Despite continued economic uncertainty, more and more organizations are deciding to move forward with large and previously deferred IT projects. These initiatives may include long-overdue upgrades of legacy systems, the implementation of new solutions such as enterprise resource planning (ERP) systems, as well as the adoption of emerging technology to improve the business.
Technology touches almost every aspect of business today, which means organizations must ensure each IT project is executed well. However, overall failure rates for major IT projects are high – and resources are wasted – because risks are not managed effectively from the outset. A risk management approach that focuses not only on traditional considerations such as schedule and budget, but also other aspects, like strategic alignment and delivery of expected benefits, is required.
Challenges and Opportunities
Any significant change in technology presents risk – both positive and negative. Costly delays due to unforeseen issues and risks are common for large, complex IT projects. So too are failure rates related to generating positive results for the organization over the long term. As more businesses move to accelerate their technology investments, they should make an honest assessment of their project delivery capabilities, especially if there is an uneven history of success for such initiatives.

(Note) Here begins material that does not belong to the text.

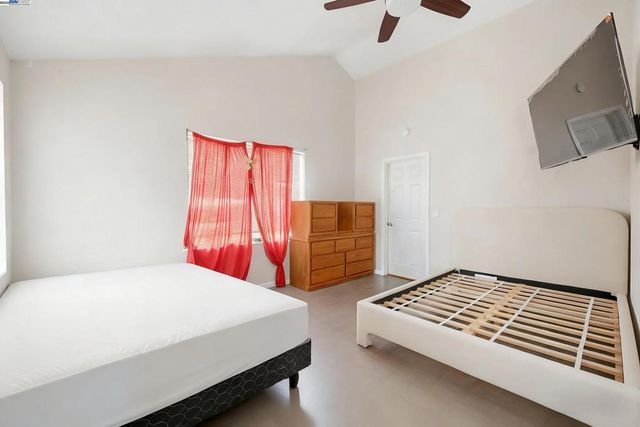 1040 Delacy, Martinez, CA 94553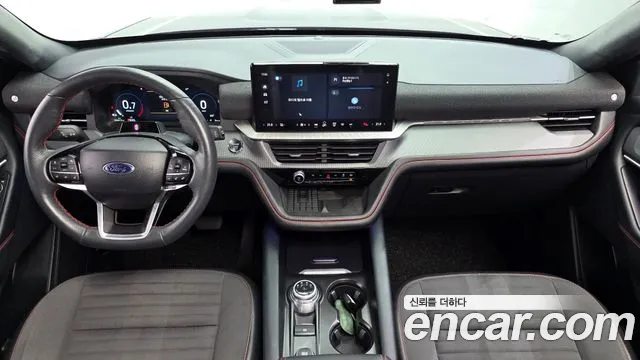 Ford Explorer — Фото автомобиля 3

Senior management can no longer delegate the responsibility for success of the company’s technology initiatives solely to IT. A frequently cited reason for a large IT project’s failure or distress is inadequate executive engagement – from senior leadership, including the chief information officer, to business owners whose operations and teams will be affected directly by the IT investment. To determine where best to invest their time relative to key projects, senior leadership must have better information, processes and tools to assess project risks.
Our Point of View
The successful execution of a major investment such as a large IT project – from planning to implementation to launch, and even beyond – requires proactive, effective oversight by the organization’s executive team. Too often, company leaders assume a reactive role, stepping in only after trouble arises and focusing their energy on trying to save the most distressed projects, or practicing “management by exception” by actively engaging with a project only when it does not produce desired results.

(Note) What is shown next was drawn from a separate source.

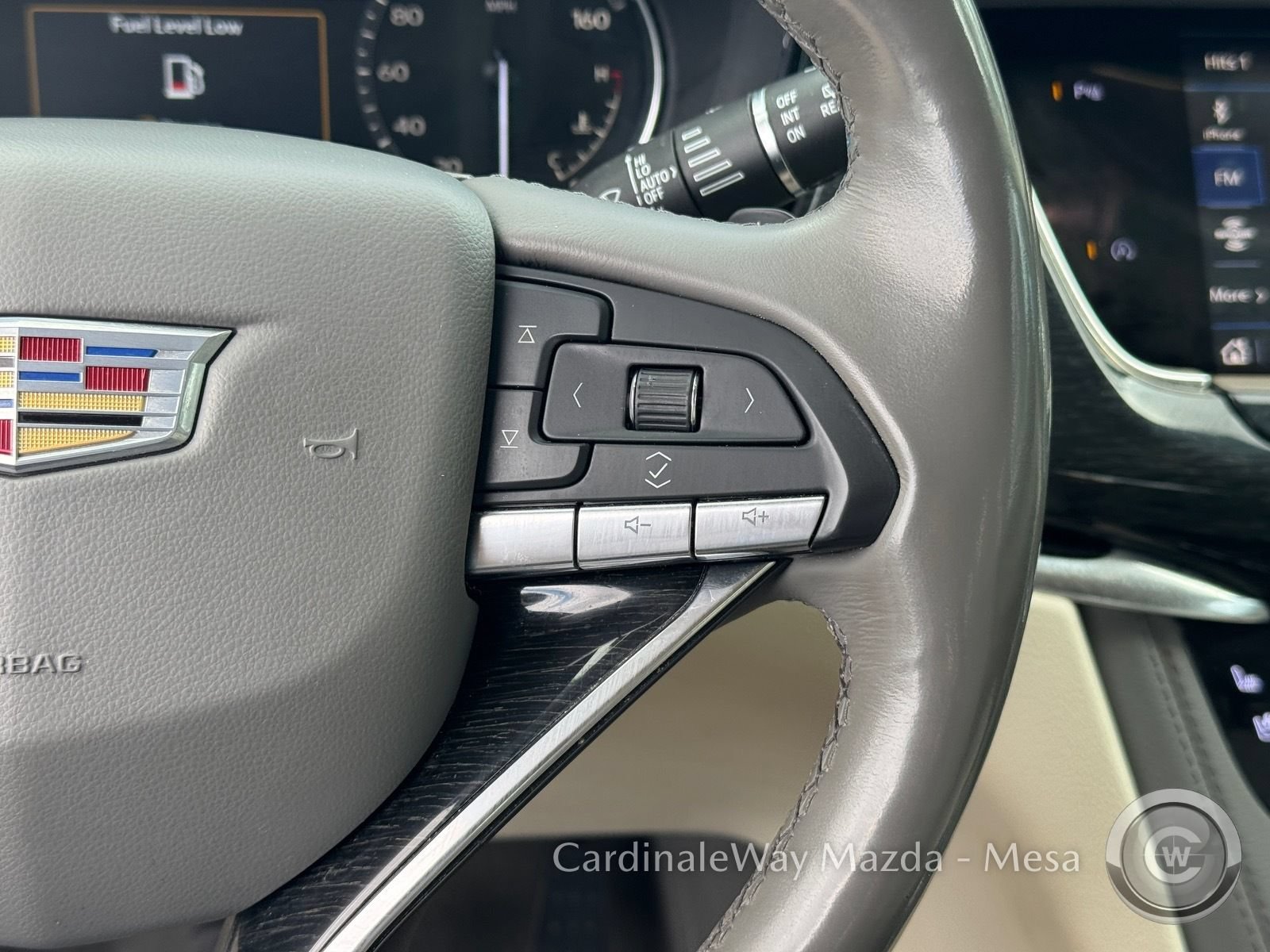Used 2021 Cadillac XT6 Premium Luxury FWD image 21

Senior executives should instead become involved early on in the life cycle of any high-risk, significant project to provide guidance and needed support. By adopting a risk-based approach to project oversight, they can proactively assess possible issues in project portfolios before they become significant. This approach also will help senior executives determine what the extent and nature of their involvement should be at the project, program and portfolio levels.
Risk-based project management should begin with a macro assessment of overall portfolio risk. Portfolio risk factors can include:
- The project’s potential impact – positive and negative – on critical business objectives
- Regulatory concerns, such as noncompliance with data security standards like the Health Insurance Portability and Accountability Act (HIPAA)
- The maturity of technology delivered (i.e., the general rule is that the more cutting-edge – and therefore, unproven and unfamiliar – the technology, the greater the risk to the business)
- The size of the investment
- Use of third-party vendors to deliver and support critical business and IT capabilities
The assessment of portfolio risk should result in a commensurate level of risk oversight by senior executives. This includes defining which projects in the portfolio should receive the most attention and focus by executive management, and improving governance to enable more timely and informed decision-making. The risk assessment and ongoing monitoring process should be linked to enterprise risk management efforts being undertaken by the organization, providing overall insights that executive management and the board of directors should understand and assess.
In addition, an overall assessment of portfolio risk should lead to improved project standards at both the program and portfolio levels. Ongoing project risk management efforts should be aligned to the portfolio risk assessment by adjusting the level of detail and the frequency of project reviews. In other words, the maturity of project management functions, the level of talent assigned to the project, and the amount of ongoing oversight should all be calibrated based on project risk.
How We Help Companies Succeed
Protiviti provides a variety of services to assist companies with their major IT projects. We perform detailed, independent, project risk assessments on key initiatives. Our teams also assist in the development of ongoing project risk management functions. Additionally, Protiviti can help clients manage risk via services that develop, improve and even staff program management offices.
A major financial services company was engaged in a multiyear technology and business transformation effort. Because of the size, complexity and sheer number of initiatives being executed, executive management felt that project oversight and project risk management capabilities needed to be greatly enhanced. Protiviti assisted the organization by:
- Developing a standardized, repeatable process to assess the high-level risk profile of each project in the portfolio
- Conducting detailed project risk assessments on several of the highest risk initiatives
- Training client staff on the execution of project risk assessments using Protiviti’s methodology and framework
- Assisting the client with developing an internal organization to perform project risk assessments on an ongoing basis
The company’s senior executives and project leaders cited Protiviti’s risk assessments as a key factor in improved project outcomes and governance; as a result, they authorized a doubling of the current investment in risk assessment efforts.